# Linear algebra question

## Homework Statement

Quote from my textbook:

"The linear system Ax=b is consistent if and only if the number of nonzero rows of the augmented matrix [U| c], equals the number of nonzero rows in U."

[U,c] is the rref of [A,b]

## The Attempt at a Solution

I understand "only if" but not "if". "Only if" is true since the elementary row operations do not affect the solutions to the system and it is clear that a linear combination of zeros cannot equal a nonzero number. Can someone help me with "if"?

rock.freak667
Homework Helper
number of nonzero rows in U is the rank of U,r(U)
the no. of nonzero rows of [U|c] is the rank of that matrix,r(U|c)

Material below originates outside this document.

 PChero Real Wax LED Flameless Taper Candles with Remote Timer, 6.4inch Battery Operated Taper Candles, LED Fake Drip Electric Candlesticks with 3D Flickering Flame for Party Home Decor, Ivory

For a system of eq'ns to be constisent

$$r(U)=r(U|c) \leq n$$

n= no . of rows

Thanks for responding to my question!

Unfortunately, I am still confused. It seems like that just restated my question using the word "rank".

For a system of eq'ns to be constisent

$$r(U)=r(U|c) \leq n$$

I think the quote I gave came from a proof of this statement actually...

rock.freak667
Homework Helper
well saying "if and only if", like restricting the statement so that the statement will be true when that condition is satisfied.

I figured it out. Thanks for your help.